Yeah, but that's part of it. I'm not knocking the algorithm, it does really well for the given constraints. But those constraints weren't necessarily the right choice. ASTC simply covers more of what I need as a game developer.
 
I (speaking personally etc, etc) find it odd given PVRTC2 has been in the HW for quite some time but simply not exposed.

I'm assuming that is because they didn't want to imply long term support for it by exposing it, whilst wanting to ultimately progress to ASTC.

I suppose if we'd been allowed that amount of silicon we might have done something else.

I understand that there are multiple facets to this, and the implication of what you are saying is that a die area design constraint was high priority, but given that series 6XT now supports ASTC, one might think that that die area judgement was wrong (whoever made it), as 6XT now has redundant PVRTC2 die area in it AND ASTC die area.

Hindsight is a wonderful thing, but committing somewhat more die area to an improved PRVTC might have resulted in it being exposed and supported in favour of an open standard option.

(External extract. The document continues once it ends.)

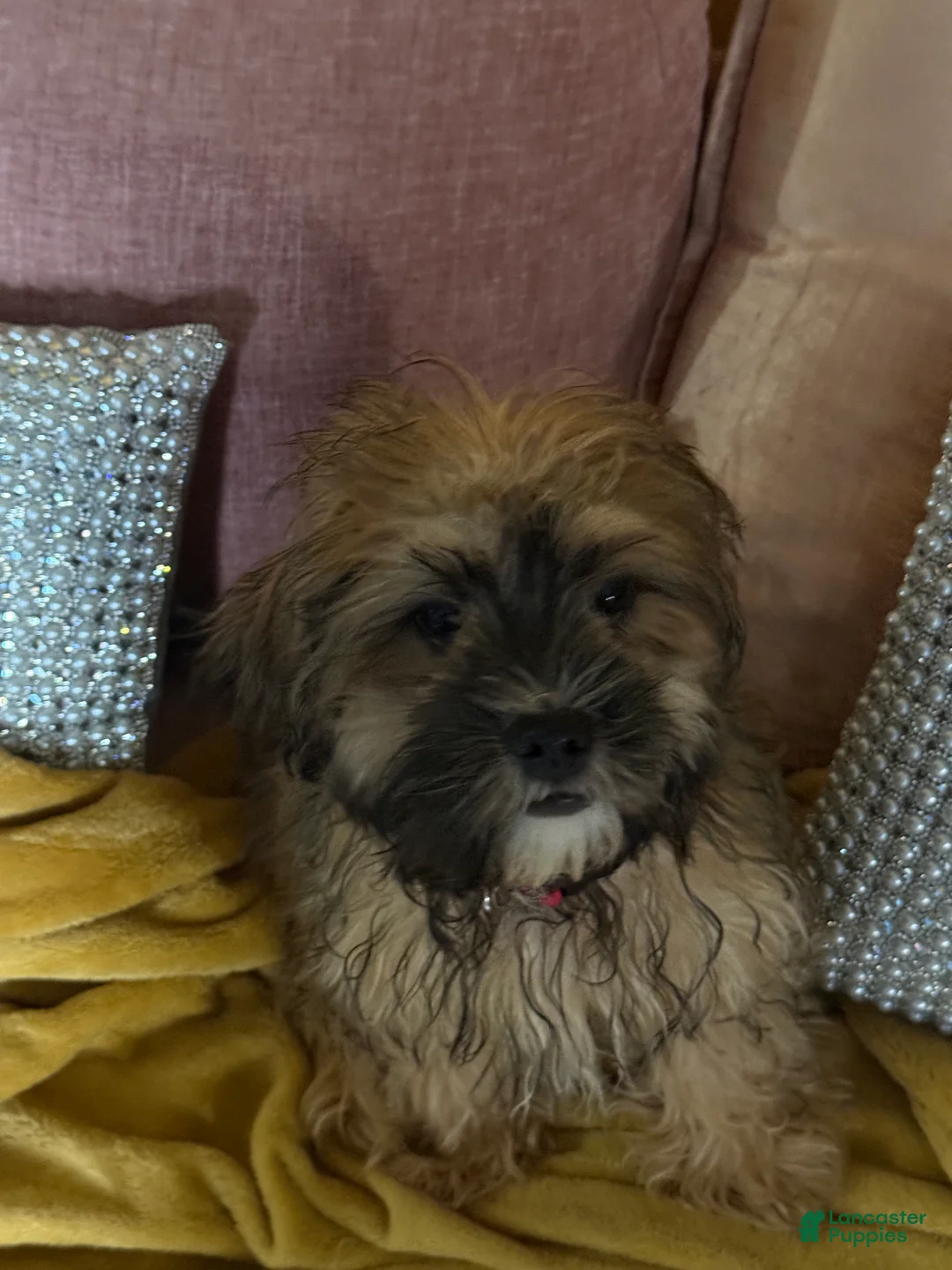 Mixed Breed dogs for sale: Charlie Cooper - Ad 6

(I have a gut feeling that PVRTC being a proprietary standard has served IMG very well in keeping IOS tied exclusively to PowerVr thus far).
 
It seems to me that it's possible to push the ASTC bitrate really quite far down before you cross over from "they just have different artifacts" to "one is clearly worse than the other".

Here are your three images, except that I cut the bitrate for the ASTC image in half: I have replaced the ASTC @ 4.27 bpp image in the middle of your lineup with an ASTC @ 2.13 bpp .
You don't find the weird colour blocks a bit, well, weird? I suspect it's due to using a "maximise the PSNR" in the compressor (which admittedly is a problem with PVRTC compressor as well, just with different resulting artefacts).


It might actually be a bit opaque from the inside too :)
:???:
 
You don't find the weird colour blocks a bit, well, weird? I suspect it's due to using a "maximise the PSNR" in the compressor (which admittedly is a problem with PVRTC compressor as well, just with different resulting artefacts).
Well, yes; they admittedly get rather visible when flipping back and forth at 8x magnification. Cutting bitrate in half was probably a bit overoptimistic of me for this kind of comparison; pushing bitrate that hard forces the compressor to make some rather hard choices between preservation-of-detail and color-fidelity, in ways that probably have room for improvement still.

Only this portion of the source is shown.